→ **Work request**
Return every line of the data below exactly, but do not include the images.

BEGIN Data segment

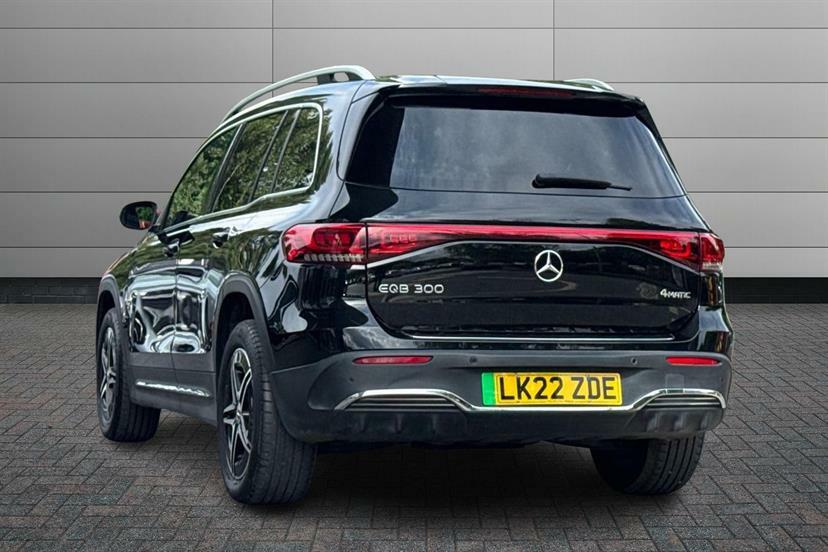 Mercedes-Benz EQB Amg Line Silver #2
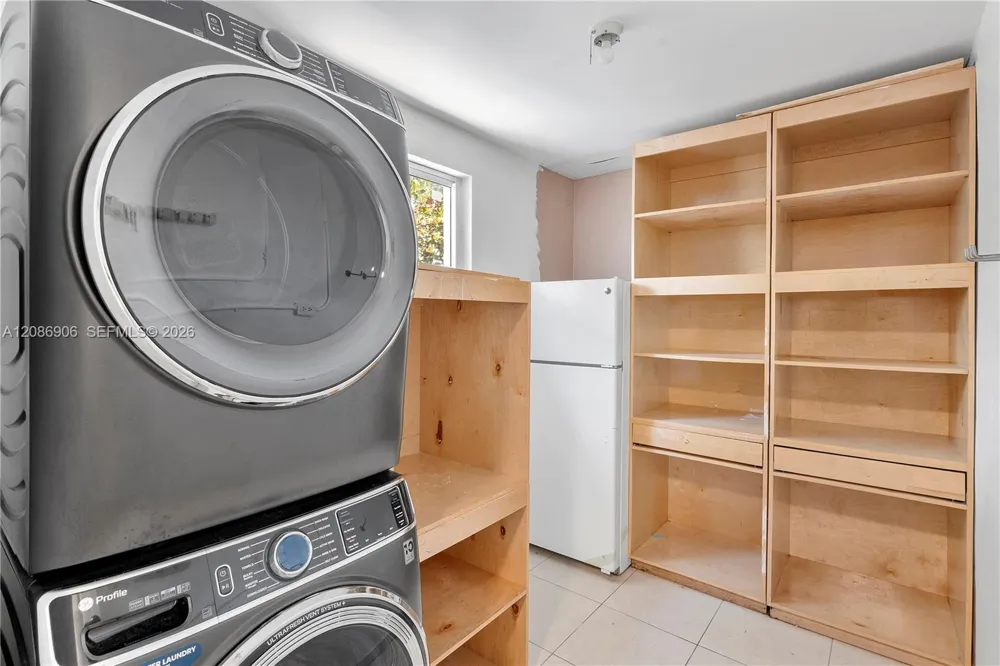 2505 NE 214th St Aventura, FL 33180
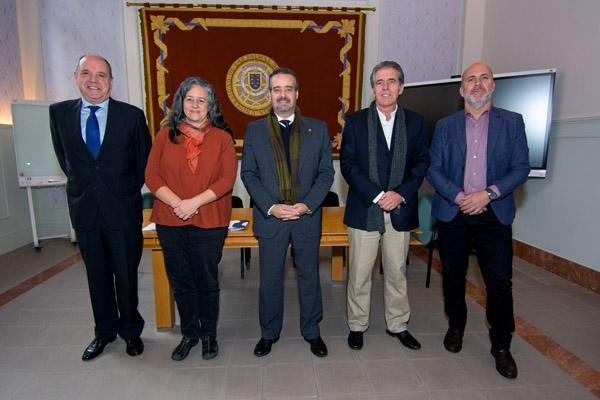 De izda. a dcha.: José Antonio Lucendo, María Pilar Álvarez, el Rector Rafael Robaina, Vicente Boissier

END Data segment

→ **Output of the exercise**
 Mercedes-Benz EQB Amg Line Silver #2
 2505 NE 214th St Aventura, FL 33180
 De izda. a dcha.: José Antonio Lucendo, María Pilar Álvarez, el Rector Rafael Robaina, Vicente Boissier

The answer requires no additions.